* [Exercise description] Would you print the whole listing again, word for word?

* [Exercise materials]

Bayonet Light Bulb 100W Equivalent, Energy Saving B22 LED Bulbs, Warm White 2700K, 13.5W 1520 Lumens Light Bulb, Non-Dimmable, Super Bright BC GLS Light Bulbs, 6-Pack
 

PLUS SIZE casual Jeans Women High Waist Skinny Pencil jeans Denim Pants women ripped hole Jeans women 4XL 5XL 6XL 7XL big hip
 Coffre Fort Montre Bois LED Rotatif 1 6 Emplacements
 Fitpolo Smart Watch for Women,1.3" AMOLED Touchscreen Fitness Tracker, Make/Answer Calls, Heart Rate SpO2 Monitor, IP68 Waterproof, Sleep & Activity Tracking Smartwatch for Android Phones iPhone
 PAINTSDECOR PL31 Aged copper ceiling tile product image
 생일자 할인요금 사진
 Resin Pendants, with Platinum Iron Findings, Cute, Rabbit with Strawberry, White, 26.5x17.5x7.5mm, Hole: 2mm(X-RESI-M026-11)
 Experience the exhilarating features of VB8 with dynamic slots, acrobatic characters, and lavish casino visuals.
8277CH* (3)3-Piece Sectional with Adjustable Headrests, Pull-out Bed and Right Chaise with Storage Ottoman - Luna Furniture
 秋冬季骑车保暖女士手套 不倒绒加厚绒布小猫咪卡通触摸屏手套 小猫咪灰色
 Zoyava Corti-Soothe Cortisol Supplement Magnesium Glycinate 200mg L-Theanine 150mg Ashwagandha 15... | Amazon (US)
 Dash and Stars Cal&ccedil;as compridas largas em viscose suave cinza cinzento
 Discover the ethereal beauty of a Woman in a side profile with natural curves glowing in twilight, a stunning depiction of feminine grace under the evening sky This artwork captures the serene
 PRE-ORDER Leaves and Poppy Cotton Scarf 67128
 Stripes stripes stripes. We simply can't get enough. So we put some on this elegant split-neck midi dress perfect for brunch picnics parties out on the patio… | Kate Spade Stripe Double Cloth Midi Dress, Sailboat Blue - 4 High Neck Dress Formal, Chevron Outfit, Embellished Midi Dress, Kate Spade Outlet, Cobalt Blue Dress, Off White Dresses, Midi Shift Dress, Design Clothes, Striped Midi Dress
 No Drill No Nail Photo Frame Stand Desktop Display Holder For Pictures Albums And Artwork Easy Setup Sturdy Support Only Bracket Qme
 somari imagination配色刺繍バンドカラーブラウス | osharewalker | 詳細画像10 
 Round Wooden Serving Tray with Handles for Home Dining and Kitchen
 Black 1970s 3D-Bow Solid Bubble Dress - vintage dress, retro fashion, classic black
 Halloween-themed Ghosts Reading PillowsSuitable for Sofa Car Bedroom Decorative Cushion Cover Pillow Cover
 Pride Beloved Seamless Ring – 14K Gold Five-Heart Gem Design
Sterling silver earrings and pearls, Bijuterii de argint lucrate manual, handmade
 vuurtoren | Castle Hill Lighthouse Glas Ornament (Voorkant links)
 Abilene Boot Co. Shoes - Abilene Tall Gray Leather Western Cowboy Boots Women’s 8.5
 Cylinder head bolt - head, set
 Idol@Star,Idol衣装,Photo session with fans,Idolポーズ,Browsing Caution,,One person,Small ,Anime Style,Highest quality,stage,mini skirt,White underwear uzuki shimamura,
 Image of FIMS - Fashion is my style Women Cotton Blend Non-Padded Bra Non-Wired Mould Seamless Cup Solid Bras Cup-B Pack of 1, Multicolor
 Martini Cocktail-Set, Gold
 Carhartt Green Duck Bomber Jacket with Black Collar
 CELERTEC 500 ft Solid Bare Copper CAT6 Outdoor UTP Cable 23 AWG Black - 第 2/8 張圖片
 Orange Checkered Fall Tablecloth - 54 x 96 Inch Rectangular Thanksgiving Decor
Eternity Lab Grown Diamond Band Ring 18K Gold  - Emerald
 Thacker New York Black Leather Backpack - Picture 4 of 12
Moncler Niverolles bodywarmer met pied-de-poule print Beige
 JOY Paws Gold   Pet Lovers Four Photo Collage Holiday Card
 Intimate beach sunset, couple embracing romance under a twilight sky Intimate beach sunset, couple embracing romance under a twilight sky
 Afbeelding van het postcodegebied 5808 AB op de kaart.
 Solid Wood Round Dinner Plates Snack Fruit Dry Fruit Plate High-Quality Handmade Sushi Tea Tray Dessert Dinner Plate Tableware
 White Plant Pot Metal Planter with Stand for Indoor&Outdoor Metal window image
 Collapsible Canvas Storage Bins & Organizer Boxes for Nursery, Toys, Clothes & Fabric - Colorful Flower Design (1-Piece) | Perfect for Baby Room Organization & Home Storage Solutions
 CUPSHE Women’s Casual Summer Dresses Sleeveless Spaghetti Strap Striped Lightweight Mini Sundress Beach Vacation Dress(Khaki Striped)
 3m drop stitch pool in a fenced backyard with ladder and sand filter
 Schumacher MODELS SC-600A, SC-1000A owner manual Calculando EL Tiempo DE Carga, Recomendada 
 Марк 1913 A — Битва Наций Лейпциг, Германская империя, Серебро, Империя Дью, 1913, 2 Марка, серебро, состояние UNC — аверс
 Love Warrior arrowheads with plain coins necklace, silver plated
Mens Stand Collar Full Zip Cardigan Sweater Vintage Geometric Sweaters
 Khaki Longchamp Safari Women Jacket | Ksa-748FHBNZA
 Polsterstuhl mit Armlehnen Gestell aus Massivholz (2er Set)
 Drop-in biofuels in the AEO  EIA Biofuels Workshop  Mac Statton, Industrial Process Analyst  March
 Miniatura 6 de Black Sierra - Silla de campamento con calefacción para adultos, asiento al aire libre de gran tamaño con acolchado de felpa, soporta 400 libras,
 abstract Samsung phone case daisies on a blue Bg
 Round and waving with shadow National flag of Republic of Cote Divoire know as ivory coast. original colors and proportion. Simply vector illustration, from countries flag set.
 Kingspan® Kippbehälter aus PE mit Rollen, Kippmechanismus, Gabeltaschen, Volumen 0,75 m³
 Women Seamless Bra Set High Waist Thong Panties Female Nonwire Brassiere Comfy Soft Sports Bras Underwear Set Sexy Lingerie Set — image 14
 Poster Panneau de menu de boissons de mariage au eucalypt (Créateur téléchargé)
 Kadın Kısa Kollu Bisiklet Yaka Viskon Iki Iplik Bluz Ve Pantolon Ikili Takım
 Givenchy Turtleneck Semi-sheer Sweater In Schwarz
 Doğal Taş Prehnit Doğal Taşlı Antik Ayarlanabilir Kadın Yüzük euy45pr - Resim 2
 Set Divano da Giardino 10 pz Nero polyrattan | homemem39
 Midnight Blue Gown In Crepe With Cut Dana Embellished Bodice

* [Written solution]
Bayonet Light Bulb 100W Equivalent, Energy Saving B22 LED Bulbs, Warm White 2700K, 13.5W 1520 Lumens Light Bulb, Non-Dimmable, Super Bright BC GLS Light Bulbs, 6-Pack
 

PLUS SIZE casual Jeans Women High Waist Skinny Pencil jeans Denim Pants women ripped hole Jeans women 4XL 5XL 6XL 7XL big hip
 Coffre Fort Montre Bois LED Rotatif 1 6 Emplacements
 Fitpolo Smart Watch for Women,1.3" AMOLED Touchscreen Fitness Tracker, Make/Answer Calls, Heart Rate SpO2 Monitor, IP68 Waterproof, Sleep & Activity Tracking Smartwatch for Android Phones iPhone
 PAINTSDECOR PL31 Aged copper ceiling tile product image
 생일자 할인요금 사진
 Resin Pendants, with Platinum Iron Findings, Cute, Rabbit with Strawberry, White, 26.5x17.5x7.5mm, Hole: 2mm(X-RESI-M026-11)
 Experience the exhilarating features of VB8 with dynamic slots, acrobatic characters, and lavish casino visuals.
8277CH* (3)3-Piece Sectional with Adjustable Headrests, Pull-out Bed and Right Chaise with Storage Ottoman - Luna Furniture
 秋冬季骑车保暖女士手套 不倒绒加厚绒布小猫咪卡通触摸屏手套 小猫咪灰色
 Zoyava Corti-Soothe Cortisol Supplement Magnesium Glycinate 200mg L-Theanine 150mg Ashwagandha 15... | Amazon (US)
 Dash and Stars Cal&ccedil;as compridas largas em viscose suave cinza cinzento
 Discover the ethereal beauty of a Woman in a side profile with natural curves glowing in twilight, a stunning depiction of feminine grace under the evening sky This artwork captures the serene
 PRE-ORDER Leaves and Poppy Cotton Scarf 67128
 Stripes stripes stripes. We simply can't get enough. So we put some on this elegant split-neck midi dress perfect for brunch picnics parties out on the patio… | Kate Spade Stripe Double Cloth Midi Dress, Sailboat Blue - 4 High Neck Dress Formal, Chevron Outfit, Embellished Midi Dress, Kate Spade Outlet, Cobalt Blue Dress, Off White Dresses, Midi Shift Dress, Design Clothes, Striped Midi Dress
 No Drill No Nail Photo Frame Stand Desktop Display Holder For Pictures Albums And Artwork Easy Setup Sturdy Support Only Bracket Qme
 somari imagination配色刺繍バンドカラーブラウス | osharewalker | 詳細画像10 
 Round Wooden Serving Tray with Handles for Home Dining and Kitchen
 Black 1970s 3D-Bow Solid Bubble Dress - vintage dress, retro fashion, classic black
 Halloween-themed Ghosts Reading PillowsSuitable for Sofa Car Bedroom Decorative Cushion Cover Pillow Cover
 Pride Beloved Seamless Ring – 14K Gold Five-Heart Gem Design
Sterling silver earrings and pearls, Bijuterii de argint lucrate manual, handmade
 vuurtoren | Castle Hill Lighthouse Glas Ornament (Voorkant links)
 Abilene Boot Co. Shoes - Abilene Tall Gray Leather Western Cowboy Boots Women’s 8.5
 Cylinder head bolt - head, set
 Idol@Star,Idol衣装,Photo session with fans,Idolポーズ,Browsing Caution,,One person,Small ,Anime Style,Highest quality,stage,mini skirt,White underwear uzuki shimamura,
 Image of FIMS - Fashion is my style Women Cotton Blend Non-Padded Bra Non-Wired Mould Seamless Cup Solid Bras Cup-B Pack of 1, Multicolor
 Martini Cocktail-Set, Gold
 Carhartt Green Duck Bomber Jacket with Black Collar
 CELERTEC 500 ft Solid Bare Copper CAT6 Outdoor UTP Cable 23 AWG Black - 第 2/8 張圖片
 Orange Checkered Fall Tablecloth - 54 x 96 Inch Rectangular Thanksgiving Decor
Eternity Lab Grown Diamond Band Ring 18K Gold  - Emerald
 Thacker New York Black Leather Backpack - Picture 4 of 12
Moncler Niverolles bodywarmer met pied-de-poule print Beige
 JOY Paws Gold   Pet Lovers Four Photo Collage Holiday Card
 Intimate beach sunset, couple embracing romance under a twilight sky Intimate beach sunset, couple embracing romance under a twilight sky
 Afbeelding van het postcodegebied 5808 AB op de kaart.
 Solid Wood Round Dinner Plates Snack Fruit Dry Fruit Plate High-Quality Handmade Sushi Tea Tray Dessert Dinner Plate Tableware
 White Plant Pot Metal Planter with Stand for Indoor&Outdoor Metal window image
 Collapsible Canvas Storage Bins & Organizer Boxes for Nursery, Toys, Clothes & Fabric - Colorful Flower Design (1-Piece) | Perfect for Baby Room Organization & Home Storage Solutions
 CUPSHE Women’s Casual Summer Dresses Sleeveless Spaghetti Strap Striped Lightweight Mini Sundress Beach Vacation Dress(Khaki Striped)
 3m drop stitch pool in a fenced backyard with ladder and sand filter
 Schumacher MODELS SC-600A, SC-1000A owner manual Calculando EL Tiempo DE Carga, Recomendada 
 Марк 1913 A — Битва Наций Лейпциг, Германская империя, Серебро, Империя Дью, 1913, 2 Марка, серебро, состояние UNC — аверс
 Love Warrior arrowheads with plain coins necklace, silver plated
Mens Stand Collar Full Zip Cardigan Sweater Vintage Geometric Sweaters
 Khaki Longchamp Safari Women Jacket | Ksa-748FHBNZA
 Polsterstuhl mit Armlehnen Gestell aus Massivholz (2er Set)
 Drop-in biofuels in the AEO  EIA Biofuels Workshop  Mac Statton, Industrial Process Analyst  March
 Miniatura 6 de Black Sierra - Silla de campamento con calefacción para adultos, asiento al aire libre de gran tamaño con acolchado de felpa, soporta 400 libras,
 abstract Samsung phone case daisies on a blue Bg
 Round and waving with shadow National flag of Republic of Cote Divoire know as ivory coast. original colors and proportion. Simply vector illustration, from countries flag set.
 Kingspan® Kippbehälter aus PE mit Rollen, Kippmechanismus, Gabeltaschen, Volumen 0,75 m³
 Women Seamless Bra Set High Waist Thong Panties Female Nonwire Brassiere Comfy Soft Sports Bras Underwear Set Sexy Lingerie Set — image 14
 Poster Panneau de menu de boissons de mariage au eucalypt (Créateur téléchargé)
 Kadın Kısa Kollu Bisiklet Yaka Viskon Iki Iplik Bluz Ve Pantolon Ikili Takım
 Givenchy Turtleneck Semi-sheer Sweater In Schwarz
 Doğal Taş Prehnit Doğal Taşlı Antik Ayarlanabilir Kadın Yüzük euy45pr - Resim 2
 Set Divano da Giardino 10 pz Nero polyrattan | homemem39
 Midnight Blue Gown In Crepe With Cut Dana Embellished Bodice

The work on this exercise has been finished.